Christ called on us all to become open to an inner light. We remember His birth as an occasion of Joy because of His message to all mankind that everyone can become available to this light of God.
Christians aren't the only ones who cultivate this practice. The Buddhists refer to enlightenment- the process of becoming filled with light. The Mevlevi Dervishes whirl not just to pray, but because they understand they have a sacred duty to bring light down into the world from above. The Jews celebrate Chanukah, the festival of lights.
This idea, it seems, is shared by most of mankind, and it offers us all hope- hope that things can improve, that the dirty little crevices of darkness we all covet and carry around inside us can be illuminated, then swept clean with a broom made of sturdy twigs. All of this to leave room inside us for something much bigger than ourselves.
The idea even goes a bit deeper than that. Suns are the engines of creation. All of the elements in the universe begin as hydrogen, which in the vast nuclear crucibles of suns are fused into the heavier elements.
Creating an inner sun within ourselves is analogous. We can literally begin to create new substances in our bodies which are, under ordinary circumstances, either completely lacking or in very short supply. This is important, because in order to erect a more durable and useful inner structure, we're going to need all those additional elements. If all we have in us is that elemental hydrogen, we're basically nothing more than bags of hot air.
It's often helpful to me to understand by analogy in this manner. It helps me to form a deeper sense of the absolute interconnectedness of all things, and of how every level of the universe works in a similar way : from suns to bodies to cells, everything engaged in one perpetual act of creation.

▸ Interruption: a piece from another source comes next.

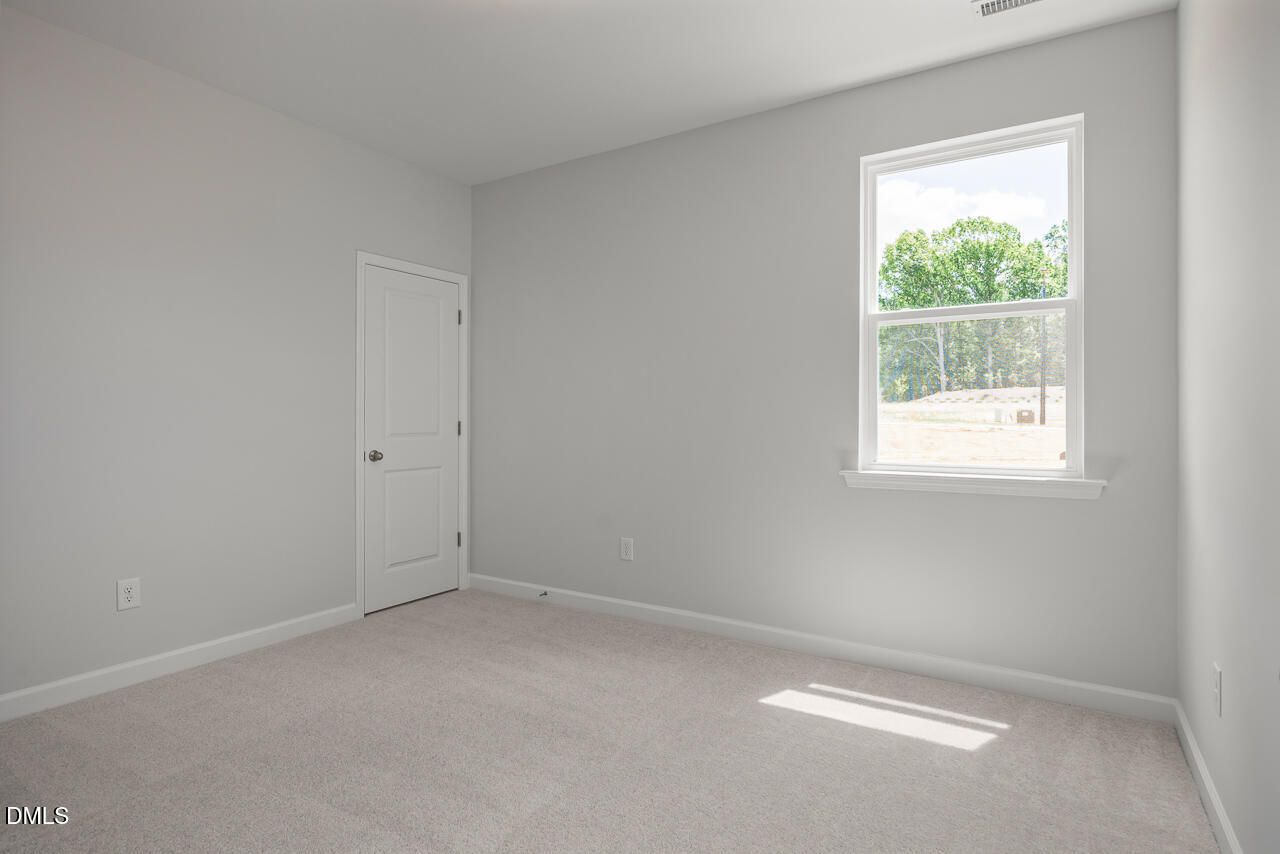 Bright secondary bedroom with neutral carpet and window view in The Birch II E home at Sage on North Main, Wake Forest.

There is no destruction. Everything we call "destruction" is just transformation, as new states continuously emerge from old ones.
When speaking of this unity, Dogen once said, "In the great way of going beyond, no endeavor is complete without being one with myriad things. This is ocean mudra samadhi." ("Beyond Thinking," p. 78, edited by Kazuaki Tanahashi, Shambala Publications 2004)
When we open our eyes, we all find our dwelling place in this ever-emergent ocean of truth and light.
I hope December affords us all myriad opportunities to open ourselves ever more deeply to this light and to love, and to share the gift of life as openly as possible with others.